(Dataset excerpts)
───

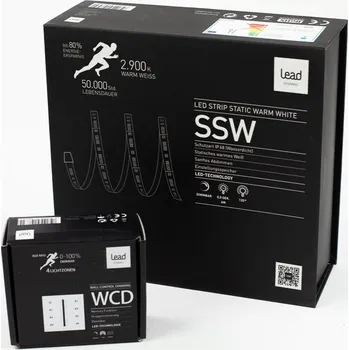 LED osvětlení Lead Energy LED pásek SSW 68 Teplá bílá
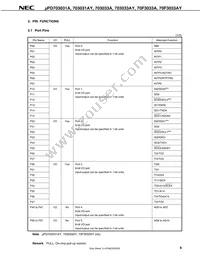 UPD70F3036HYGC-8EU-A Datasheet Page 11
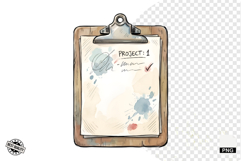 Whimsical Back To School Clipart - Quirky School PNG Product Image 1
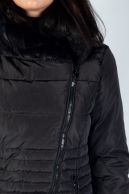 Ziemas jaka LAURA JO 19042-BLACK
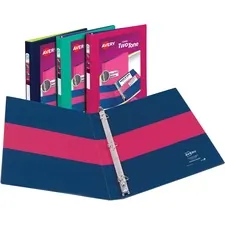 Avery Dennison AVE 17241 - Avery 12 Two-Tone View 3-Ring Binder With Pockets - 12 Binde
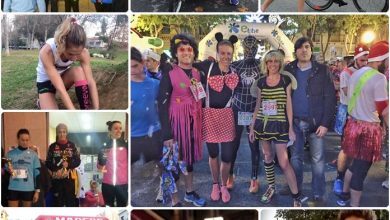 Triatletas en la San Silvestre 2016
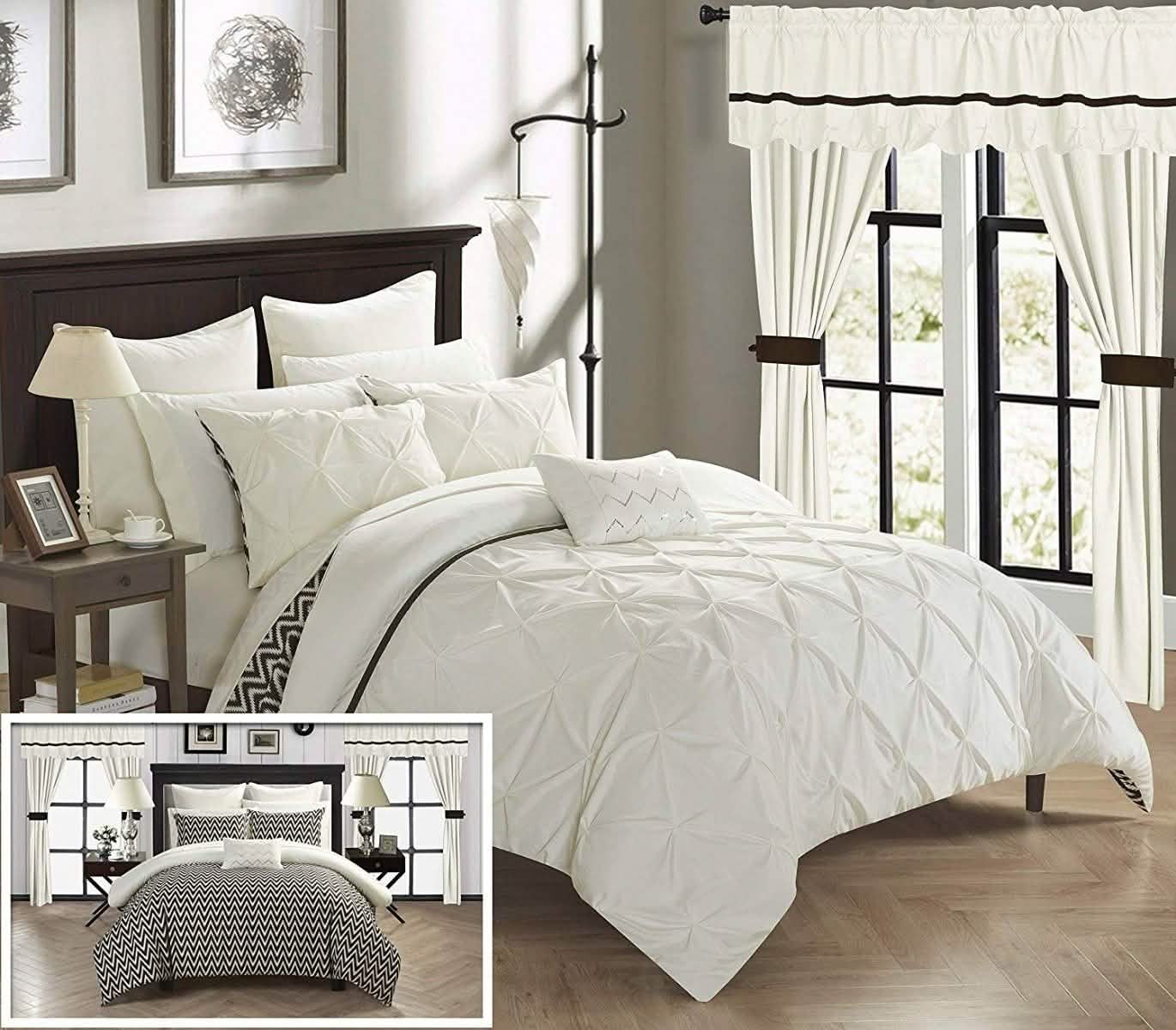 20-teiliges Set: Knoxville Wendebettdecke Komplettbett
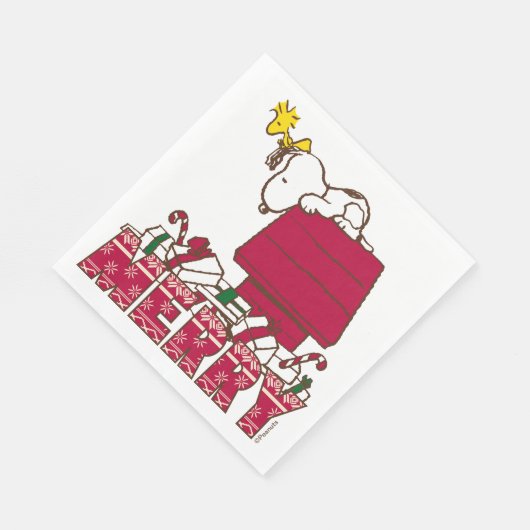 pinda's | Snoopy & Woodstock Merry Ugly Sweater Servet (Hoek)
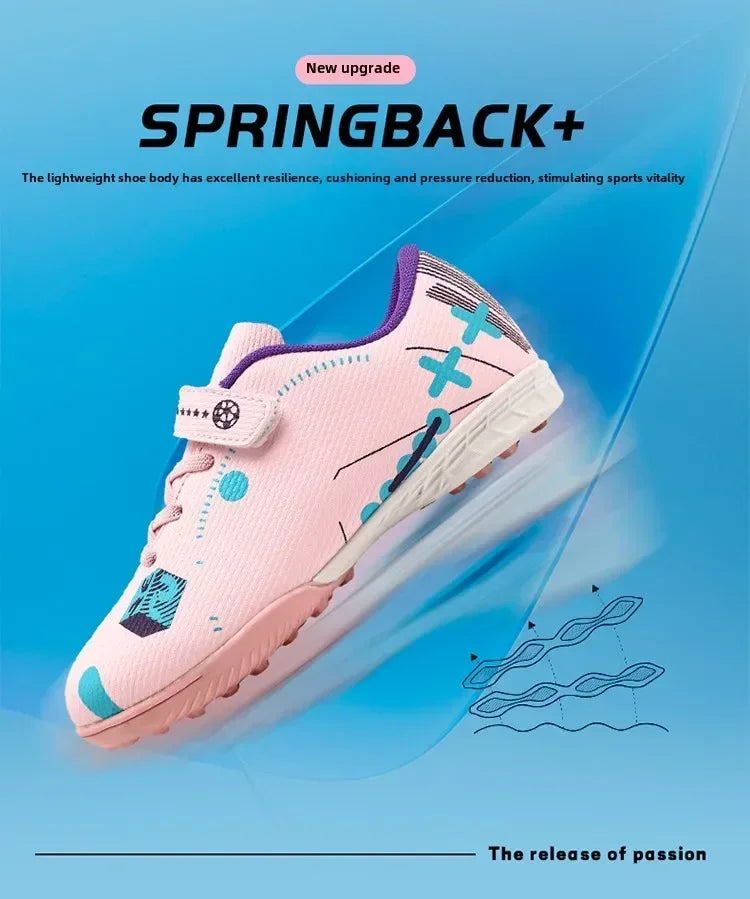 Soccer Shoes for Children Professional Original Kids Football Boots Society Kid Sneakers Indoor Football Trainers Youth Sports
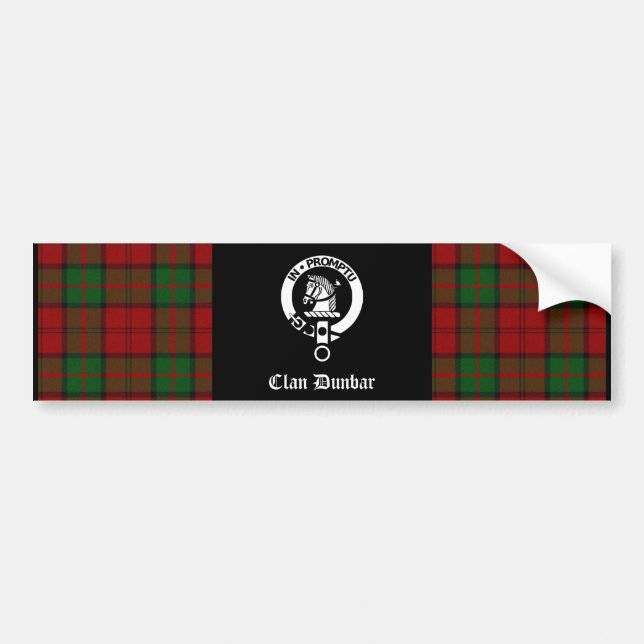 Clan Dunbar Tartan & Crest Badge Bildekal (Framsidan)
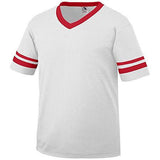 Sleeve Stripe Jersey White/red Adult Baseball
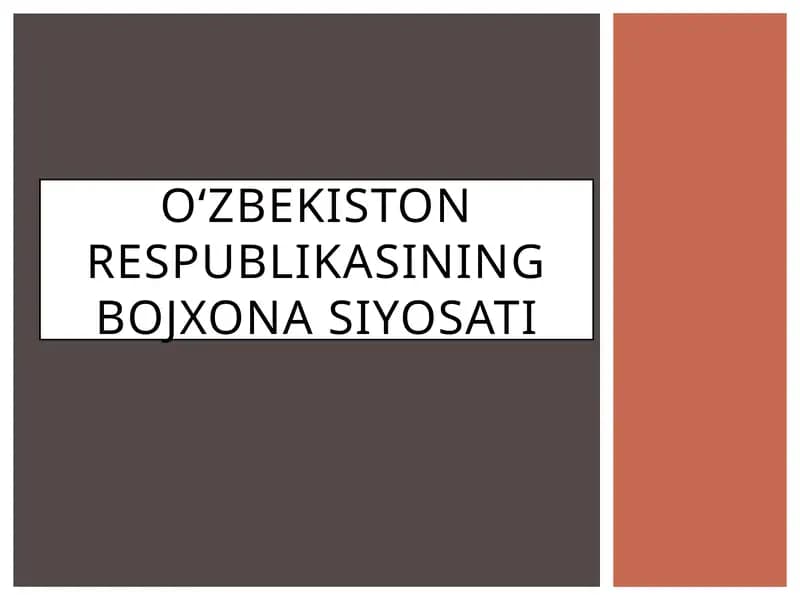 Oʻzbekiston Respublikasining bojxonasiyosati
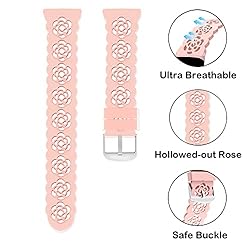 3-Pack Slim Silicone Bands Compatible with Fitbit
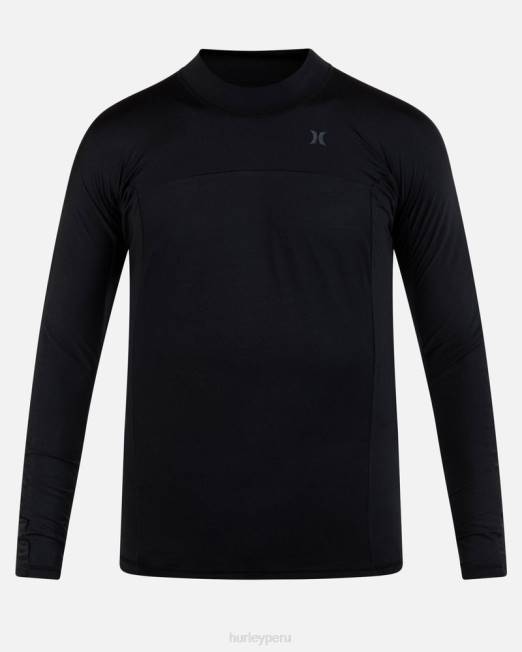 hombres Hurley negro kai lenny x chanel crossing paddle series manga larga ropa 8L2D263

───

What the exercise asks -
Since the pictures are not part of the copy, please transcribe only the lines above from the one with "Soccer Shoes for" through the one with "Sleeve Stripe Jersey", exactly and with both ends.

Response to the task -
 Soccer Shoes for Children Professional Original Kids Football Boots Society Kid Sneakers Indoor Football Trainers Youth Sports
 Clan Dunbar Tartan & Crest Badge Bildekal (Framsidan)
 Sleeve Stripe Jersey White/red Adult Baseball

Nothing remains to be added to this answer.